When I told him that I had been in Dharamshala for seven years, he gave a small whistle of disbelief. ‘It’s weird, you know,’ he said, ‘we should have bumped into each other by now.’
He was in a hurry, he said, but lingered on, talking about the Kangra valley, where he had just done a long trek.
And then he added, apropos of nothing, ‘Have you heard about Panditji? He and his wife died suddenly, within days of each other. People said there was something fishy about it; apparently they weren’t on great terms with their son, Arjun. .’
He was still speaking as he moved towards the door. ‘I’ve got to tell you about Miss West,’ he said, pushing out the door, ‘but it’ll have to wait until next time. Anyway, now that we are connected, let’s keep in touch. Drop in some time. I’ll tell you where you my house is. You go two blocks to the left. .’
A few days later, I found myself walking down the quiet cobblestone alley Mark had described. Hanging baskets of bougainvillea framed the front doors of the small houses and white prayer flags fluttered from the clothes lines stretched between roofs.

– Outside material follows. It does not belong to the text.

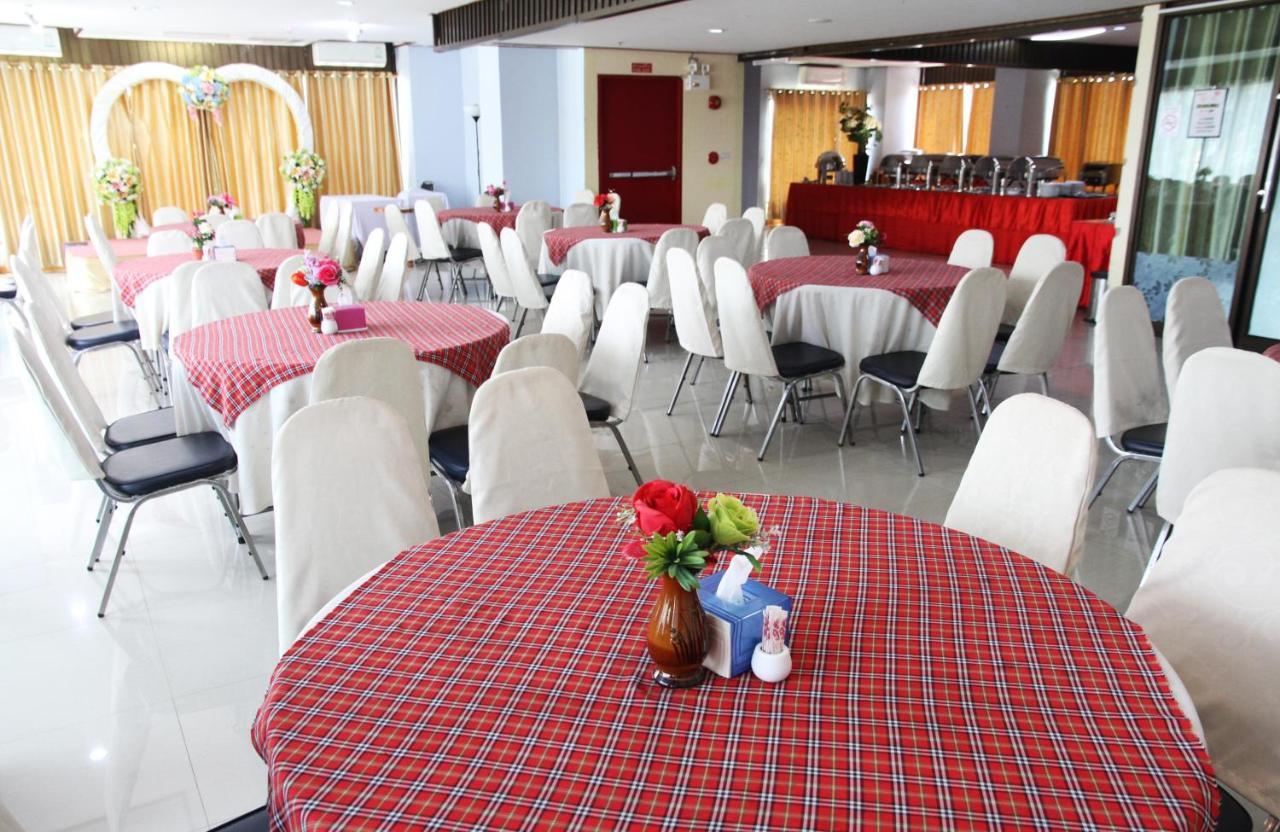 Toh Buk Seng Ayutthaya Hotel Exteriér fotografie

It had taken me some time to decide whether I should visit Mark, and I still wasn’t sure if it was a good idea. I had been surprised at first by the coldness with which I heard about the death of Panditji and his wife: the event seemed so distant, with so little relation to anything in my present life; it was like the events in the newspapers I occasionally picked up at the bookshop. But then, later, the news had worked on me in my solitude, had loosened another kind of memory of Benares: the memory of the serene days I had spent there, the afternoons at the library, the evenings at the ghats, the smoky blue twilights, all the eventless days with their restful vacancies. Something within me kept going back to it, wanted to stay with the pictures in my mind; it was what took me to Mark’s house that afternoon.
*
A bespectacled Indian girl wearing a chikan kurta opened the door, and for one moment I thought I had come to the wrong house. But then she said something, with an unmistakably American accent, the sun sparkling on her glasses, about Mark having gone out to the bazaar, and I knew I hadn’t.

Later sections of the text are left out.